27. Shocked 2

2.2K 175 14
                                        

"Kenyataan hidup itu bisa jadi pahit seperti kopi, tapi ingatlah seberapapun pahit hidup mu masih ada harapan yang bisa menggantikan gula untuk membuat hidup menjadi lebih manis dan bermakna." 

Please, stay
Part 27th

Author P.O.V

    Remaja berusia 18 tahun itu menarik kasar ransel yang ada di belakang pintu kamarnya, lalu membawa ransel itu ke depan lemari pakaiannya dan memasukkan beberapa pakaian miliknya ke dalam ransel. Dia tidak memperdulikan lagi bagaimana kedepannya nanti, yang dia inginkan sekarang adalah untuk bisa keluar dari rumah ini.

Dia turun dari kamarnya begitu selesai mengemas beberapa pakaiannya dan perlengkapan yang dia butuhkan seperlunya.

"Mau ke mana kamu?" Ujar Danang begitu melihat anak lelakinya itu turun sembari membawa sebuah ransel di punggungnya.

"Bukan urusan anda." Tukas Tama seraya tetap berjalan tanpa sedikitpun menoleh ke arah sumber suara itu.

"Oh, jadi kamu mau minggat? Demi gadis itu?" Danang mendengus meledek, "payah sekali selera kamu, gadis seperti itu saja kamu kejar." Cibir Danang, Tama menghentikan langkahnya.

"Dia itu gadis baik-baik." tukas Tama dengan suara lantang. "Masa anda yang katanya orang berpendidikan tinggi tidak bisa berlaku baik terhadap orang lain. Di mana wibawa anda yang katanya seorang pemimpin utama perusahaan?" Cibir Tama.

"Tama, Papa hanya tidak mau kamu dekat dengan gadis itu!" Tukas Danang.

"Kenapa? Kenapa anda tidak mau saya dekat dengan Tiara?" Tukas Tama sembari menoleh sekilas ke arah Danang, yang kini menatapnya dengan tatapan yang mengiba. Danang terdiam sejenak.

"Karena Papa takut, jika kamu dekat dengan gadis itu lalu mencintainya, kamu akan lebih sulit untuk meninggalkan gadis itu saat ikut Papah ke Australia." Jujur Danang. Tama mendengus.

"Ck, Saya memang sudah mencintainya dan saya tidak akan mau ikut dengan anda pindah ke sana sampai kapanpun. Anda benar-benar ayah yang egois." Terang Tama kemudian berlalu.

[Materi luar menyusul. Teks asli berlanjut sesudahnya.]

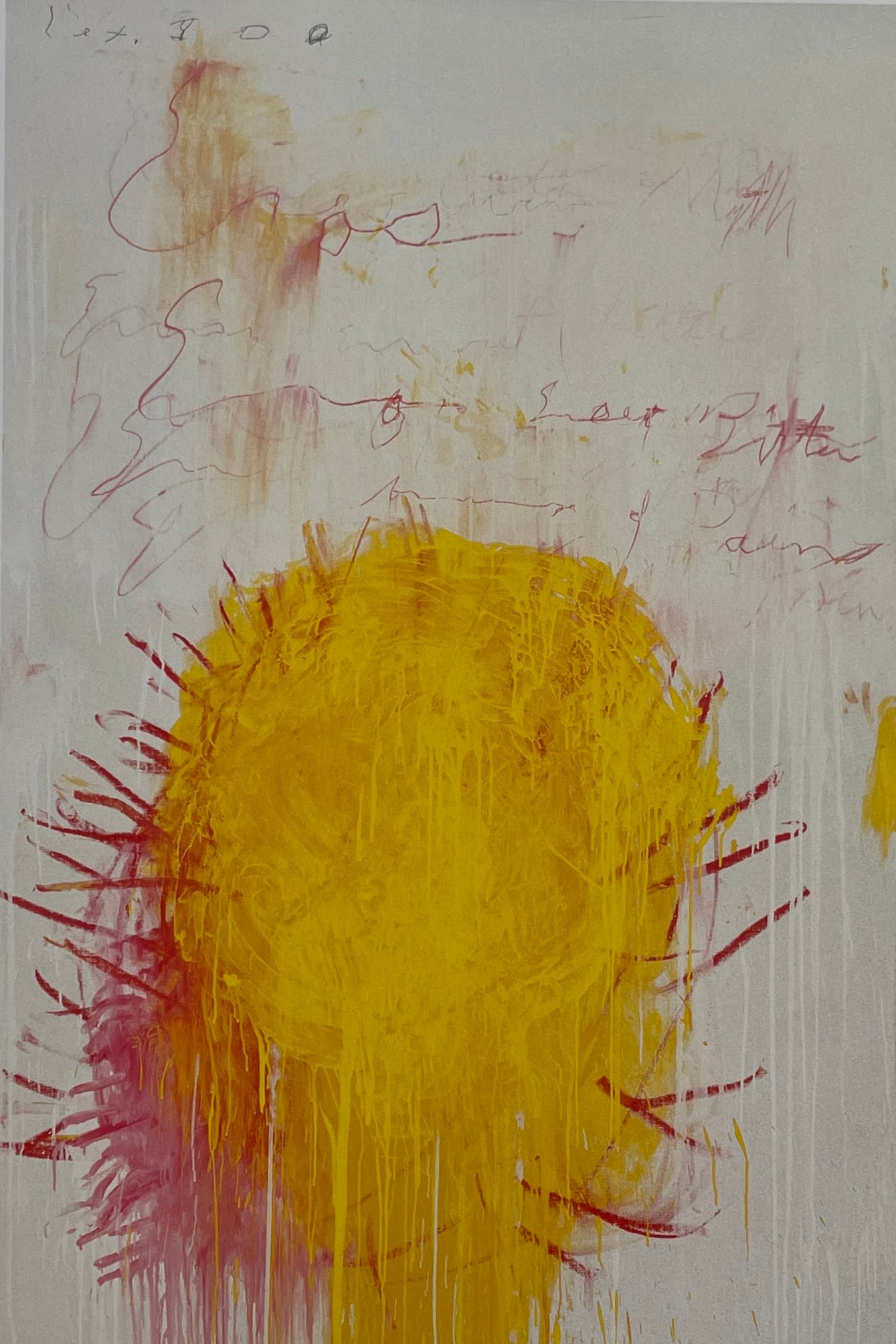 Cy Twombly - Coronation of Sesostris, Part III: CY TWOMBLY (1928-2011) Title - Coronation of Sesostris, Part III Type of Print - Print in Colors Approximate Image Size - 7 1/4" x 4 3/4" Cy Twombly was a seminal American artist who came of age immed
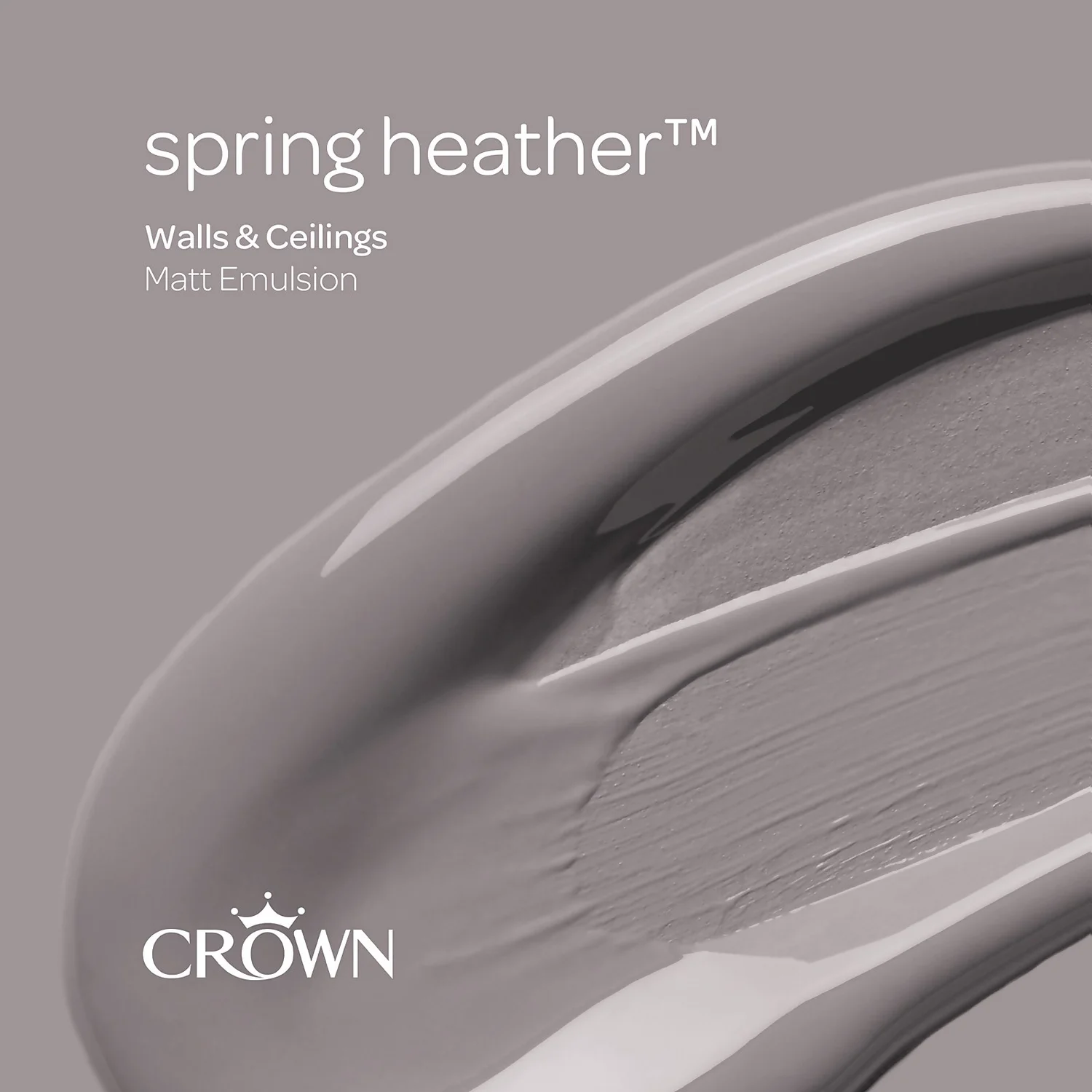 Crown Matt Emulsion Paint Spring Heather - 2.5L 9 Crown Matt Emulsion Paint Spring Heather - 2.5L - Image 7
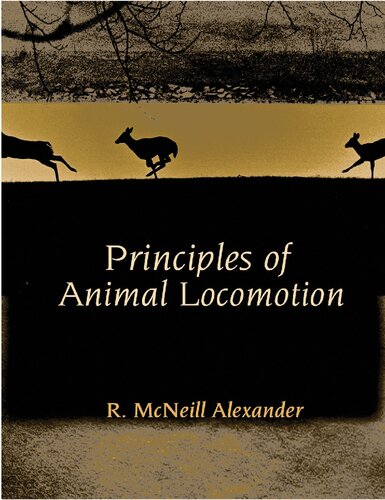 Principles Of Animal Locomotion R Mcneill Alexander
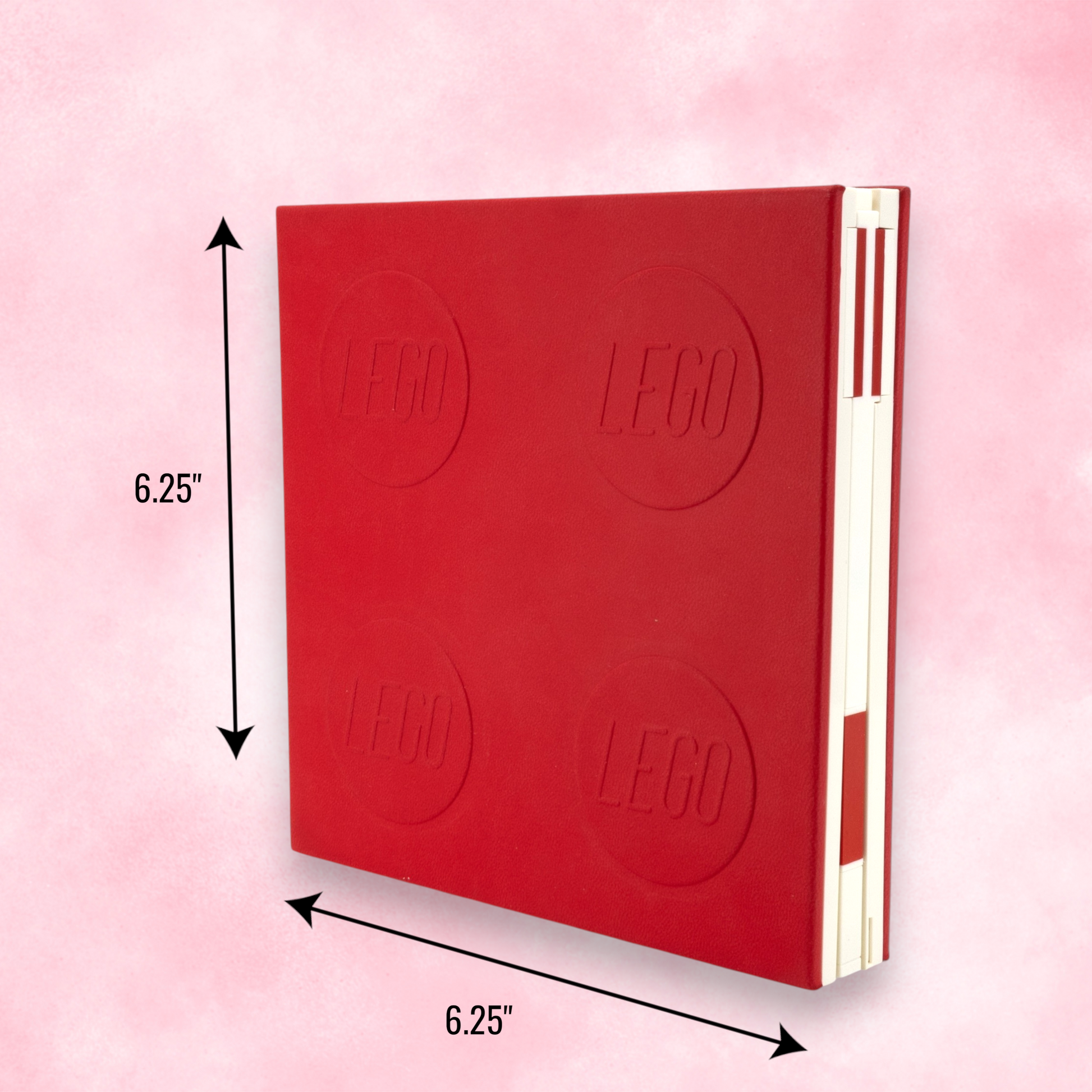 LEGO Locking Notebook with Gel Pen Red - in Box 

Danang menggelengkan kepalanya melihat anak semata wayangnya itu berlalu dari hadapannya. Sebenarnya dia hanya inginkan yang terbaik untuk Tama, dia mau Tama meneruskan perusahaannya yang ada di negeri Kangguru itu kelak. Dia tidak bisa terus menerus mempercayakan perusahaan besar miliknya di Aussie itu kepada sahabatnya yang masih muda di sana, dia takut suatu saat bila dia tak berumur panjang perusahaan itu malah jatuh ke tangan sahabatnya itu dan Tama, darah dagingnya itu tidak mendapatkan apa-apa dari usaha yang selama ini dia jalani. Kalau saja ibunya Tama tidak memilih untuk meninggalkannya dan juga Tama mungkin dia masih bisa menghanddle perusahaan itu selagi masih bisa.

Perusahaan milik Danang yang ada di Jakarta pun kini sudah mulai memburuk, bahkan hampir bangkrut beberapa karyawan memilih untuk mengundurkan diri. Jadi jalan pintas satu-satunya adalah dengan pindah ke Australia guna menjamin kehidupan mereka yang lebih baik disana.

****

    Tama memarkirkan sepeda motornya di halaman luas sebuah rumah bercat biru. Tok--tok--tok, Tama mengetuk pintu rumah tersebut. Beberapa menit kemudian sang pemilik rumah membukakan pintu rumahnya. Radit menatap bingung ke arah orang di depannya itu yang datang dengan rambut acak-acakan, ah itu sudah biasa. Tapi saat ini bukan cuma rambutnya saja yang acak-acakan tapi juga wajah dan seragam putih abu-abu yang di kenankannya juga.